Messi, 36, had initially considered a return to Barca, the club he had left in 2021 due to its financial crisis, while he also rejected a lucrative deal from Saudi Arabia's PIF fund to join Al-Hilal.
"I saw it as done at the end of May," Mas said. "I didn't want him to feel under pressure. We had spoken in Barcelona, Miami, Rosario, Doha ... I spent the whole World Cup in Qatar, watching Argentina.
"The Apple contract was very important to close the deal."
MLS broadcast partner Apple recently announced a four-part docuseries on AppleTV+ about Messi's World Cup journey, from his first tournament appearance in 2006 to eventual trophy in 2022.
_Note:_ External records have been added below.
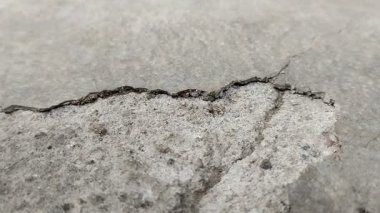 Beton yüzeyler soyuluyor ya da dalgalanıyor. aşırı hava koşulları nedeniyle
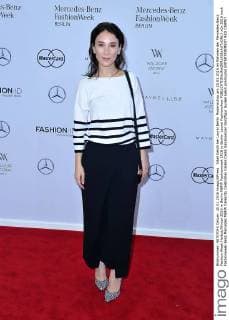 Sibel Kekilli bei Laurel Berlin Modenschau am 20.01.2016 im Rahmen der Mercedes-Benz Fashion Week Herbst Winter 2016 in Berlin MBFW Fashionweek 2016 in Berlin- Laurel Fashionshow 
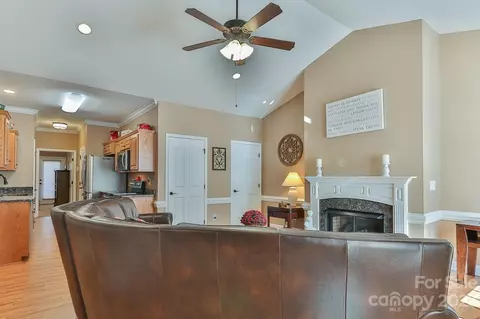 4186 Pickering Dr, Hickory, NC 28602 photo 10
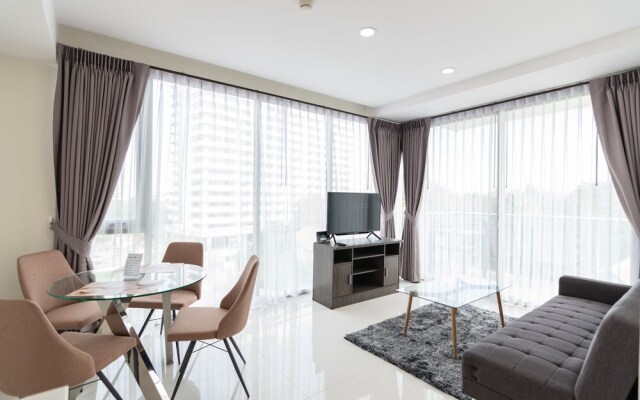 The Riviera Wongamat by Pattaya Holiday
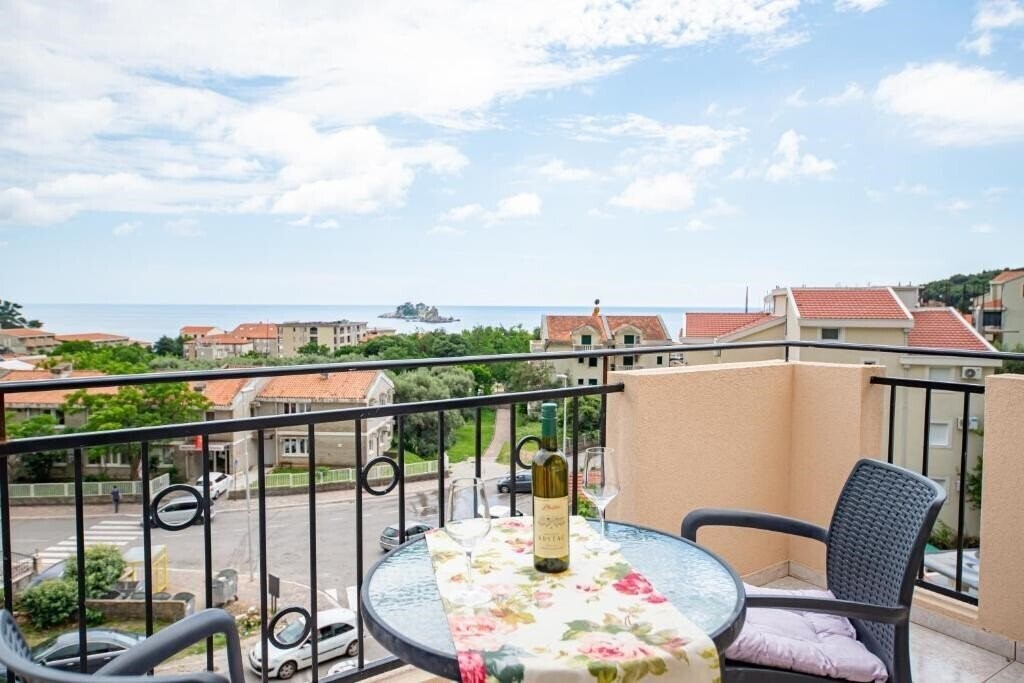 Отель Apartments Vjera Petrovac 3*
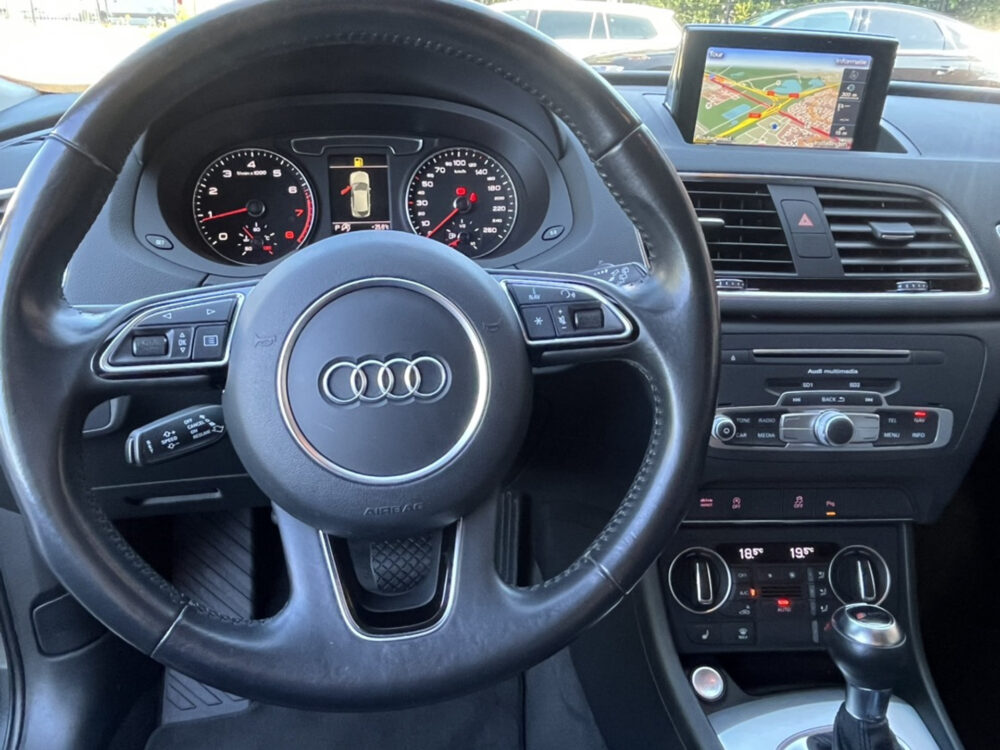 Audi Q3 2.0 TFSI quattro Sport Pro Line // NAVI // FULL LED // PDC // TREKHAAK!!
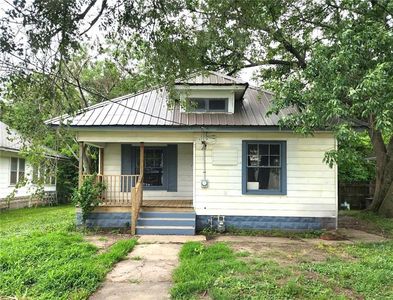 305 E Forest Ave, Girard, KS, 66743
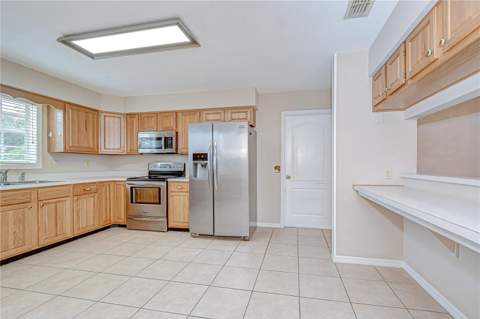 5912 Newberry Court, Zephyrhills FL - photo 13 of 40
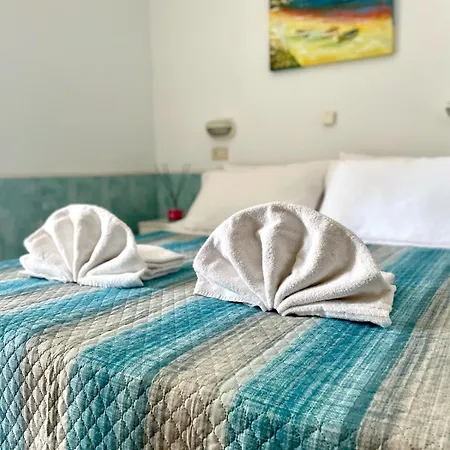 Hotel Crystal Con Piscina Estiva Privata Rimini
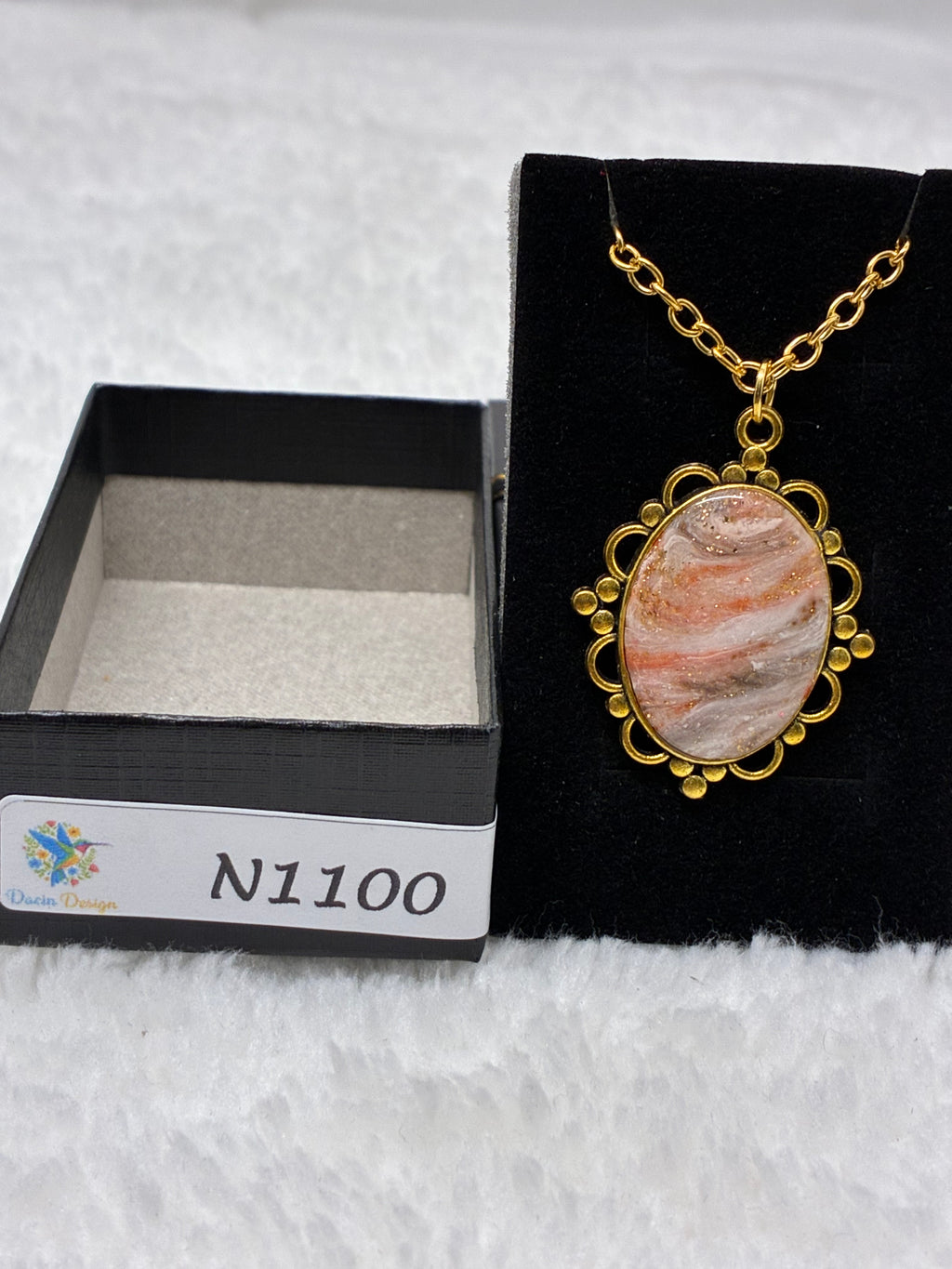 N1100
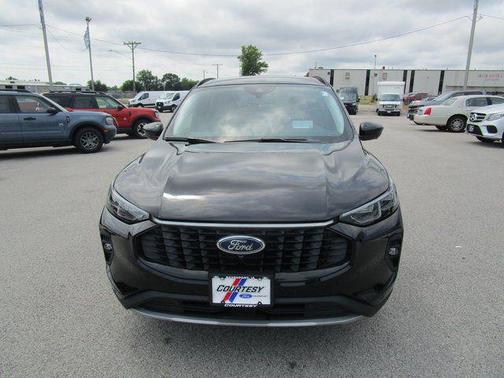 Agate Black Metallic 2024 Ford Escape PHEV SE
Messi, who is on holiday, is expected to sign a contract with Inter Miami until December 2025, with an option year for 2026, while Mas confirmed the forward will earn "between £50 million and $60m per year."
Mas also confirmed long-standing interest in surrounding Messi with players he is familiar with, including Sergio Busquets and Jordi Alba. He also said Miami will make "two or three" further signings but played down reports that two of Messi's close friends -- former Barca forward Luis Suarez and Argentina winger Angel Di Maria -- could arrive this summer.
"He [Suarez] is under contract, he has a clause, and I don't know if this will materialise," Mas said. "We have also spoken to Di Maria but it seems that he is about to sign for another team."
Meanwhile, Barcelona president Joan Laporta said Messi did not want to return to the club because he "wanted less pressure."
"I understand it, but one thing has nothing to do with the other," Laporta told Spanish newspaper La Vanguardia.
"We had an agreement with LaLiga that we would dedicate part of the resources we have to Messi. It was included in the viability plan. We communicated it to Jorge Messi. He told me that Leo had had a very difficult year in Paris and that he wanted less pressure. With our option, he would have continued to be under pressure, and I understood his decision."